**Short text fragments from websites**:
▽
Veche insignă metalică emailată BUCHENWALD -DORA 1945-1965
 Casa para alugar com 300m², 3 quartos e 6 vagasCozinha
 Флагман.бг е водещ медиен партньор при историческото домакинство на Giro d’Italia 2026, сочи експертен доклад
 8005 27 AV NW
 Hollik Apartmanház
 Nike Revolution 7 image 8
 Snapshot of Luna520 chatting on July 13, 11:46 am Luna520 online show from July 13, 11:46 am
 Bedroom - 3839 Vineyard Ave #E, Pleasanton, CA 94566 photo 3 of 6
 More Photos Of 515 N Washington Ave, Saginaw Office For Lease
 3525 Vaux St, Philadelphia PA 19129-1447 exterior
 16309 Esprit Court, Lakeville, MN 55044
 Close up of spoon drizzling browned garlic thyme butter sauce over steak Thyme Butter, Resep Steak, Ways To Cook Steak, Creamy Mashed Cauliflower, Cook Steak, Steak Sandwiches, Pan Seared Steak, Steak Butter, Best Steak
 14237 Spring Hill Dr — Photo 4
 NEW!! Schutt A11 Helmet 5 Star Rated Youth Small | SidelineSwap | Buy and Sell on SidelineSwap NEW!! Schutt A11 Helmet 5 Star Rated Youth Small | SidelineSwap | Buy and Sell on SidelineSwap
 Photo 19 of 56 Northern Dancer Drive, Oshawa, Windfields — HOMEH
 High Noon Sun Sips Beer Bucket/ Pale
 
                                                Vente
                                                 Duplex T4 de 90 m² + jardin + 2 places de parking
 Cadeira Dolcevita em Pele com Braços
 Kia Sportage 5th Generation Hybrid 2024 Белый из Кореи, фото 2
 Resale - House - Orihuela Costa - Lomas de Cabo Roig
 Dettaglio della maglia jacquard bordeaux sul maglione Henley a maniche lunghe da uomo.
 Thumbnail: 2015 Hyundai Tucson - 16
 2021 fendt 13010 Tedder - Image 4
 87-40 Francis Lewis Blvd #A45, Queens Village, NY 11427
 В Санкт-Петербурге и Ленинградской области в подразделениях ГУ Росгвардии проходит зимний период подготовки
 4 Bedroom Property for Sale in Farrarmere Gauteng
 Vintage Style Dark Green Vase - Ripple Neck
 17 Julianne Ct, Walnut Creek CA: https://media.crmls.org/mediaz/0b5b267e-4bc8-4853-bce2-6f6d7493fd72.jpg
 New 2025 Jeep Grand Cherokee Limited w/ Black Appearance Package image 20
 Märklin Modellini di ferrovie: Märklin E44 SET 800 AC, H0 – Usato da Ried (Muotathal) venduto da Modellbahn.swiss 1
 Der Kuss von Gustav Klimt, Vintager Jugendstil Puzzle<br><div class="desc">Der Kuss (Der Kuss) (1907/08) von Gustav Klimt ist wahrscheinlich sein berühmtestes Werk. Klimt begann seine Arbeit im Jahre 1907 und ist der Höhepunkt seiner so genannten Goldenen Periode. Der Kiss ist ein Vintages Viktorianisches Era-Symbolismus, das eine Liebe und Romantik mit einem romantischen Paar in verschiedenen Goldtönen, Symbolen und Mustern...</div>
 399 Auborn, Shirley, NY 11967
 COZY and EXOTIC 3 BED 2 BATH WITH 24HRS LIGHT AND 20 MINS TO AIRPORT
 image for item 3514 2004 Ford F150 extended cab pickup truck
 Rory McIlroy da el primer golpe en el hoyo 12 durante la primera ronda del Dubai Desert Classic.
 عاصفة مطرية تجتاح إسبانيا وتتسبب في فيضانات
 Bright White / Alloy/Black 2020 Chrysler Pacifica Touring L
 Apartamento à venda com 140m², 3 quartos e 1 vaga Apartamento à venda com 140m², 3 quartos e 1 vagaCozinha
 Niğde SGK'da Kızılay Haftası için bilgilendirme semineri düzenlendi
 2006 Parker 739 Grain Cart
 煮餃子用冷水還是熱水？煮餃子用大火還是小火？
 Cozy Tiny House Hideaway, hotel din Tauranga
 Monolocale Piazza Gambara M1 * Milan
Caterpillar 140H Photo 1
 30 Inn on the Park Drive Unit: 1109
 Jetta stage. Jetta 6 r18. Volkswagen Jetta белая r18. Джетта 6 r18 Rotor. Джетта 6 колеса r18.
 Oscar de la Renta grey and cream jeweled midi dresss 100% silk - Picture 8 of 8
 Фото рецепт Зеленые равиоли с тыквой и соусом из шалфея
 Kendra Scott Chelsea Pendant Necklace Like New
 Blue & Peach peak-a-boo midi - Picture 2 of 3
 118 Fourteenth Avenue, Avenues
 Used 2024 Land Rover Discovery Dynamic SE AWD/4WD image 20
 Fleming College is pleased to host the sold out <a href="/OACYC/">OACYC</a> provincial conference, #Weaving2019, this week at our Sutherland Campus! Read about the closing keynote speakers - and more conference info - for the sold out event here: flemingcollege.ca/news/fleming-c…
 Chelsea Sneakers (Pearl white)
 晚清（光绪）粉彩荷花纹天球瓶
△
**TASK PROMPT**: From the records above, pull out each line that has "Drive".

**TASK RESPONSE**:
 Photo 19 of 56 Northern Dancer Drive, Oshawa, Windfields — HOMEH
 30 Inn on the Park Drive Unit: 1109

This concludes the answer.